(Stored items from a collection)
⁂

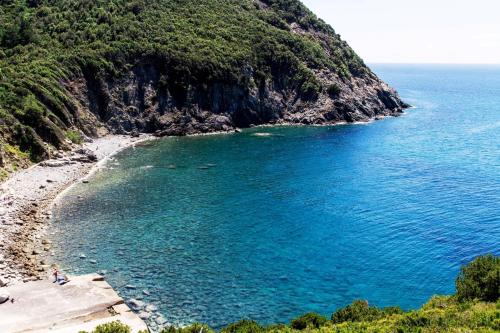 a beach with blue water and a rocky mountain at Il Cisto in Marciana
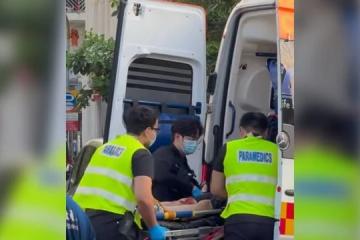 芽笼发生车祸摩托车撞行人 两人被送院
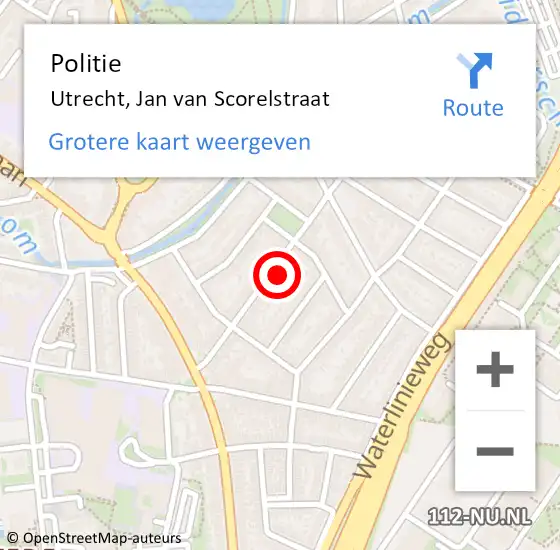 Locatie op kaart van de 112 melding: Politie Utrecht, Jan van Scorelstraat op 8 augustus 2022 21:03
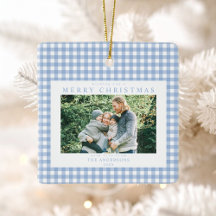 Blue Gingham Christmas Foto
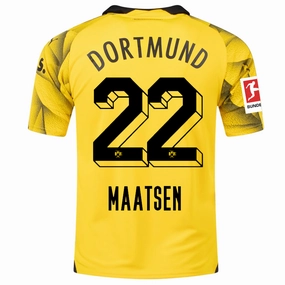 Cool Texture Zip Up Puma Mens Borussia Dortmund Ian Maatsen Third Jersey w/ Bundesliga Patch 23/24 (Cyber Yellow/Puma Black)
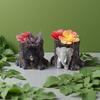 Creative Elephant and Bear Tree Stump Resin Flower Pot for Balcony
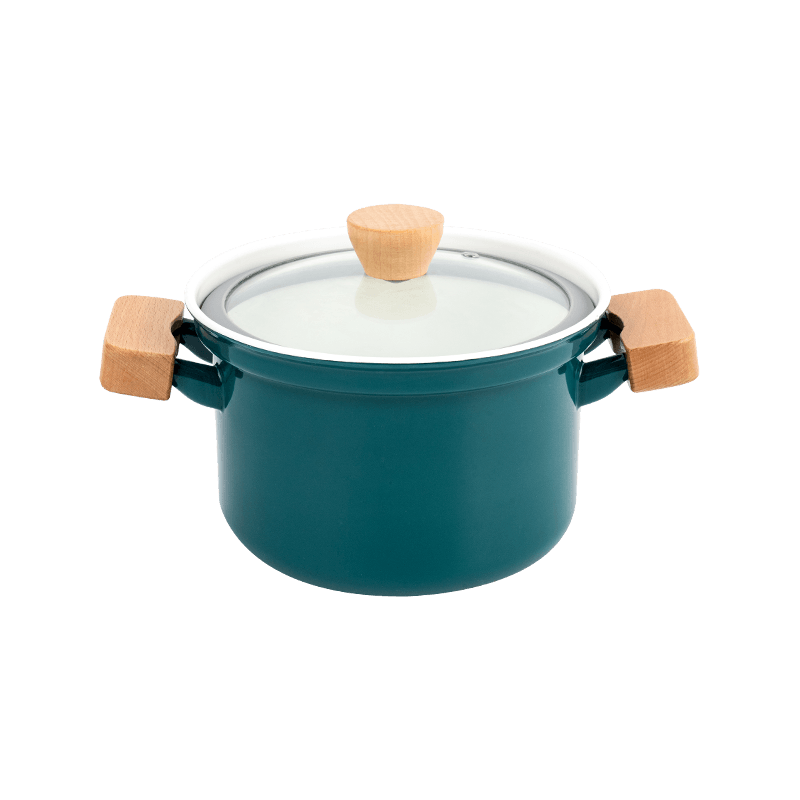753d enamel flared rim spill-resistant straight pot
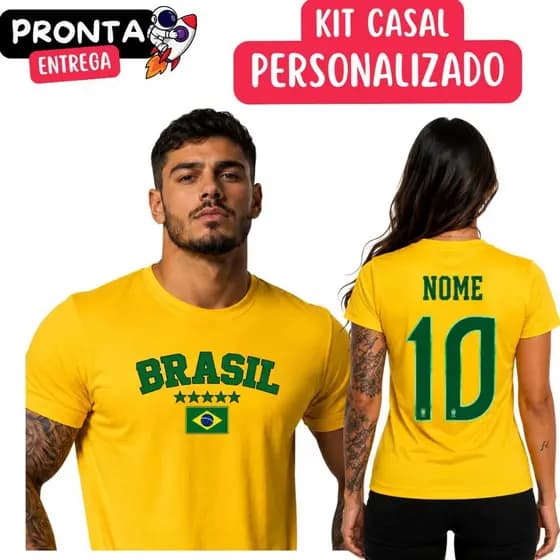 Kit De 2 Camiseta Casal Personalizada Brasil 100% Algodão Copa Torcedor Camisa Masculina Feminina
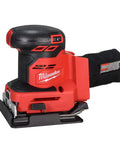 Cordless Eighteen Volt Quarter Sheet Finish Sander With Pro Grade Dust Collector And Variable Speed Dial For Easy Sanding Jobs And Zero Hand Fatigue On All Day Grinds, side view showcasing compact design.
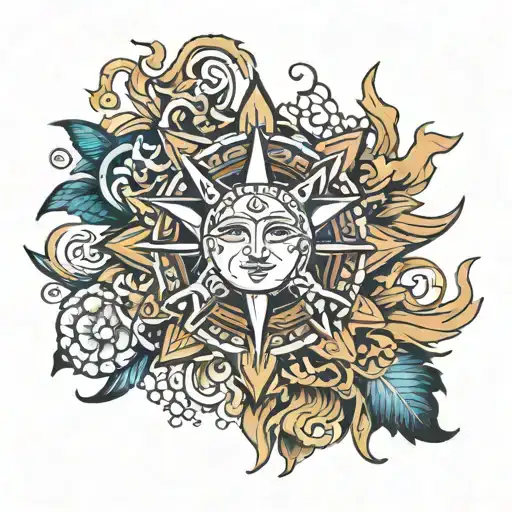 philippine star sun tattoo design idea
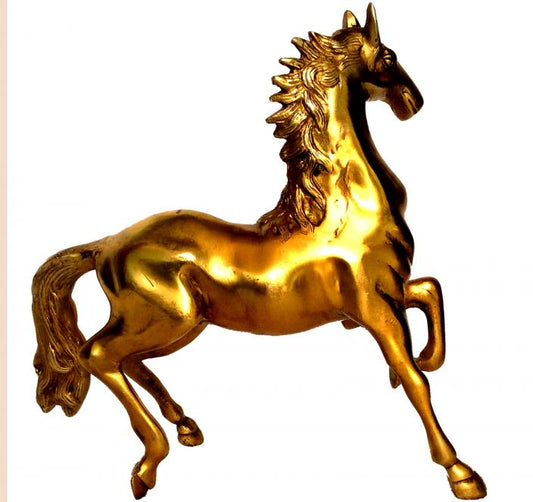 Luxury Brass Horse Figurine | The Perfect Decorative Piece for Your Home | Handcrafted Brass Horse Showpiece ( Yellow, 11 inch)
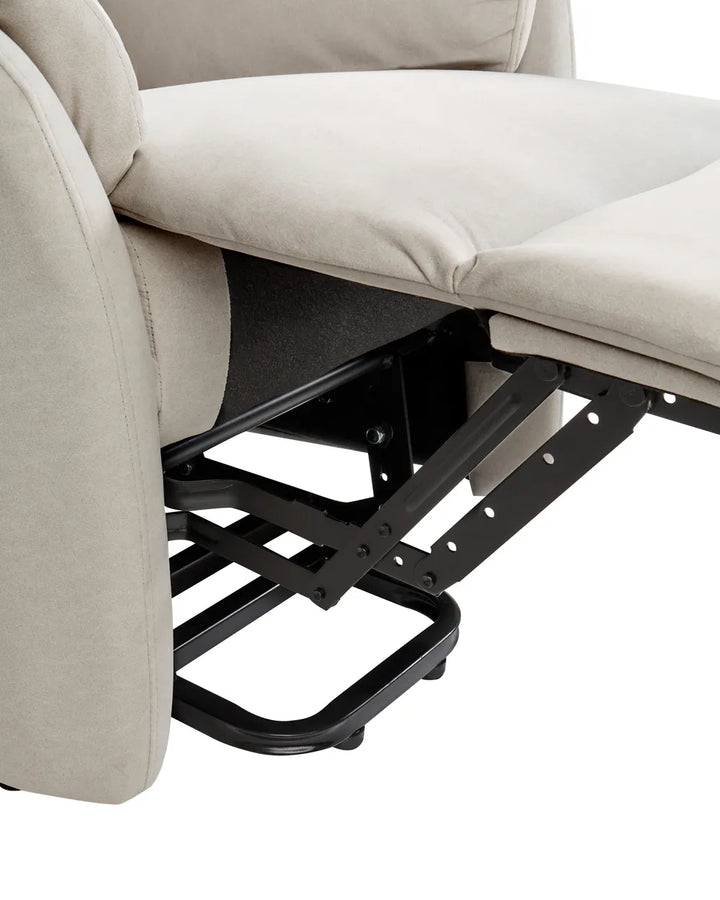 Electric Recliner Chair With Footrest Fabric Light Beige Denison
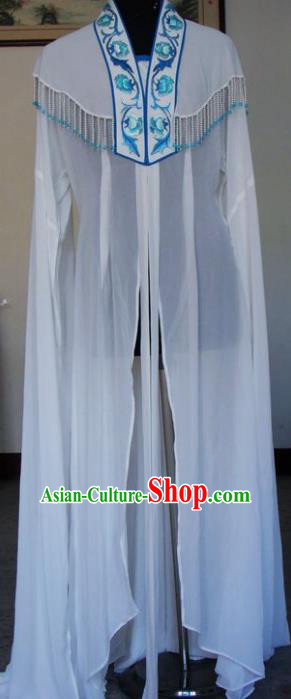 Chinese Traditional Beijing Opera Actress White Cape China Peking Opera Embroidered Lotus Costumes for Adults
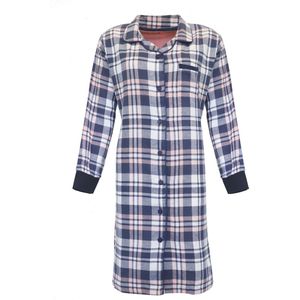 Irresistible Dames Nachthemd - Flannel - Doorknoop - Blauw - Maat L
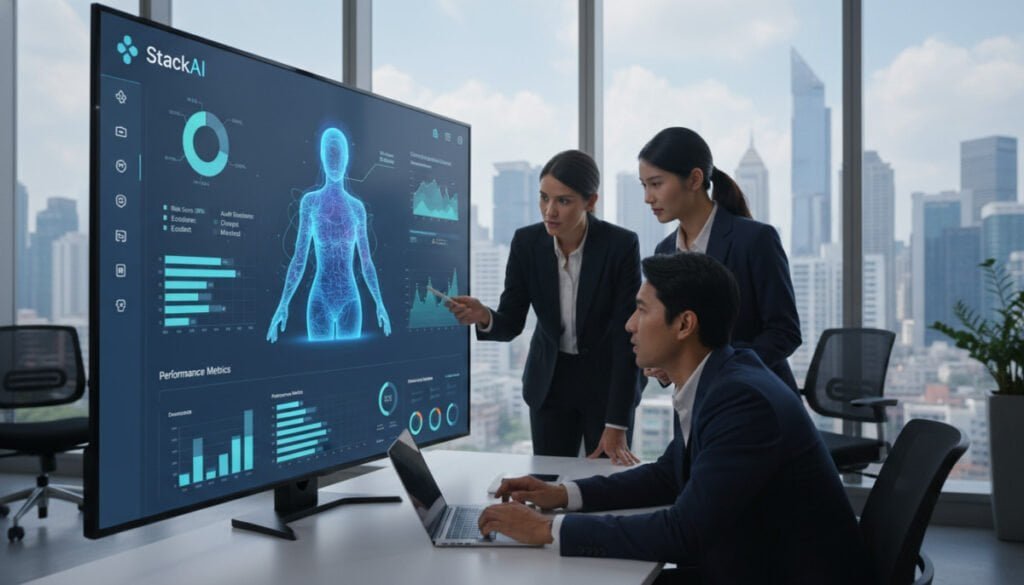 A sleek and modern interface of the StackAI compliance platform prominently displayed on a digital screen in a professional office setting. In the foreground, a diverse group of three professionals in business attire is engaged in discussion, analyzing data visualizations shown on the screen. The middle layer features a virtual assistant, represented as an intuitive AI interface, showcasing compliance analytics and performance metrics with vibrant graphs and charts. In the background, large windows flood the room with natural light, highlighting a city skyline. The mood is collaborative and focused, emphasizing the importance of compliance in regulated industries. The lighting is bright and clear, creating a professional atmosphere. Use a wide-angle lens to capture the entire scene effectively. A sleek and modern interface of the StackAI compliance platform prominently displayed on a digital screen in a professional office setting. In the foreground, a diverse group of three professionals in business attire is engaged in discussion, analyzing data visualizations shown on the screen. The middle layer features a virtual assistant, represented as an intuitive AI interface, showcasing compliance analytics and performance metrics with vibrant graphs and charts. In the background, large windows flood the room with natural light, highlighting a city skyline. The mood is collaborative and focused, emphasizing the importance of compliance in regulated industries. The lighting is bright and clear, creating a professional atmosphere. Use a wide-angle lens to capture the entire scene effectively.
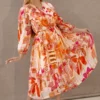 nine2five-peach-abstract-digital-print-chiffon-midi-dress-with-tassel-belt
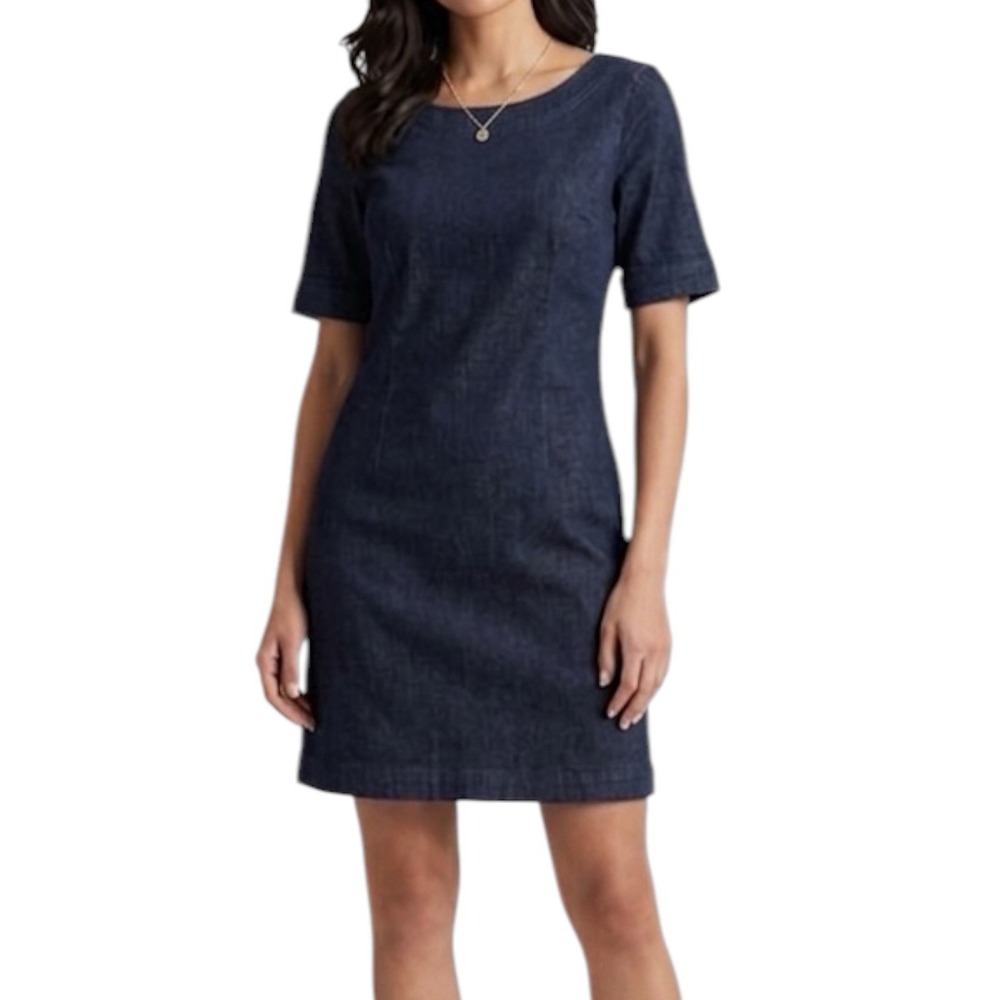 BODEN Freya Sheath Dress sz 6 Blue Denim Short Sleeve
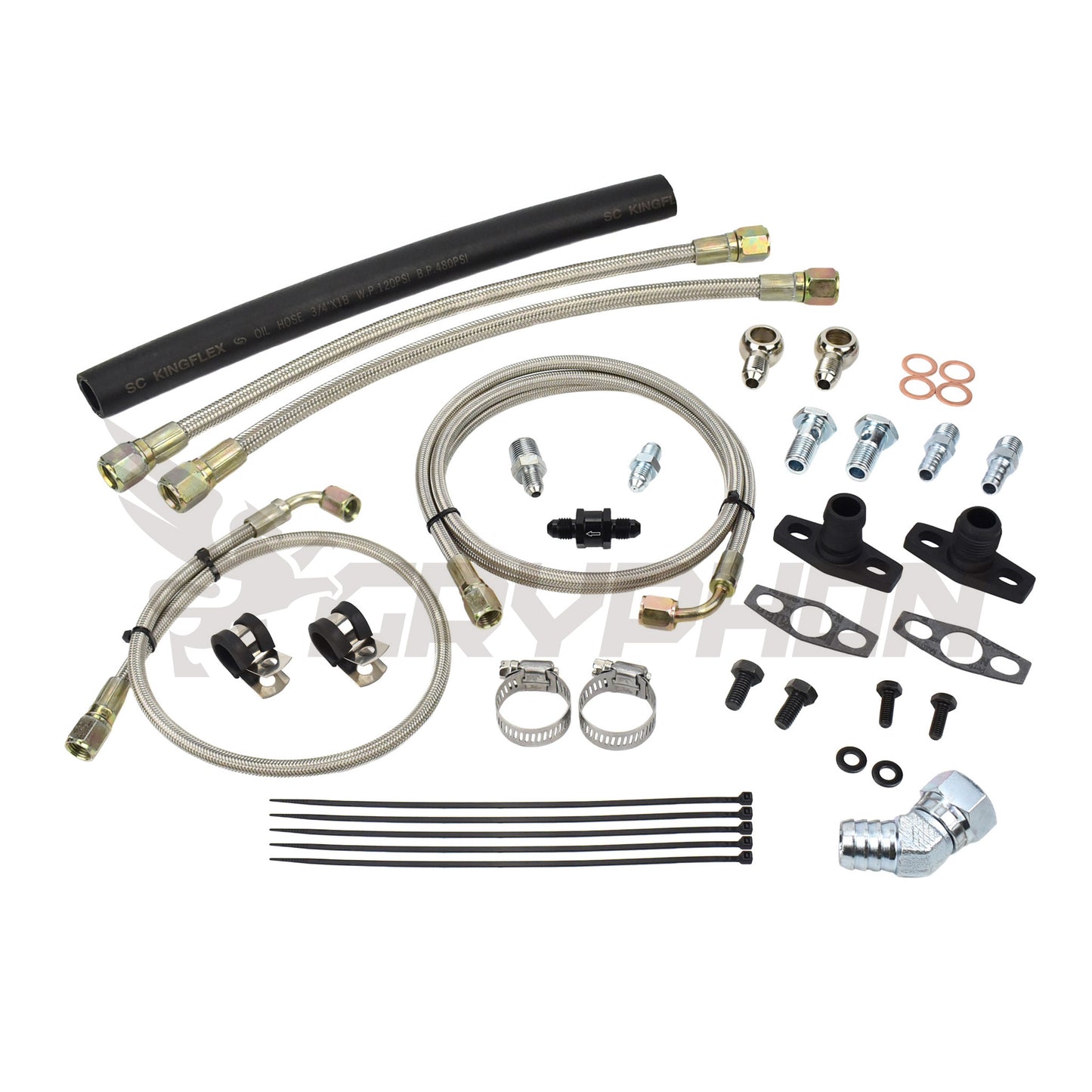 Turbo oil and water line kit for Mitsubishi EVO 4–9 4G63T engine with Garrett G25 G30 G35 turbo upgrade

⁂

Reproduce exactly the lines above starting at the line containing "Blue Gingham Christmas Foto" and ending at the line containing "Chinese Traditional Beijing", including both, but not the pictures.

 Blue Gingham Christmas Foto
 Cool Texture Zip Up Puma Mens Borussia Dortmund Ian Maatsen Third Jersey w/ Bundesliga Patch 23/24 (Cyber Yellow/Puma Black)
 Creative Elephant and Bear Tree Stump Resin Flower Pot for Balcony
753d enamel flared rim spill-resistant straight pot
 Kit De 2 Camiseta Casal Personalizada Brasil 100% Algodão Copa Torcedor Camisa Masculina Feminina
 Cordless Eighteen Volt Quarter Sheet Finish Sander With Pro Grade Dust Collector And Variable Speed Dial For Easy Sanding Jobs And Zero Hand Fatigue On All Day Grinds, side view showcasing compact design.
 philippine star sun tattoo design idea
 Luxury Brass Horse Figurine | The Perfect Decorative Piece for Your Home | Handcrafted Brass Horse Showpiece ( Yellow, 11 inch)
 Electric Recliner Chair With Footrest Fabric Light Beige Denison
 Chinese Traditional Beijing Opera Actress White Cape China Peking Opera Embroidered Lotus Costumes for Adults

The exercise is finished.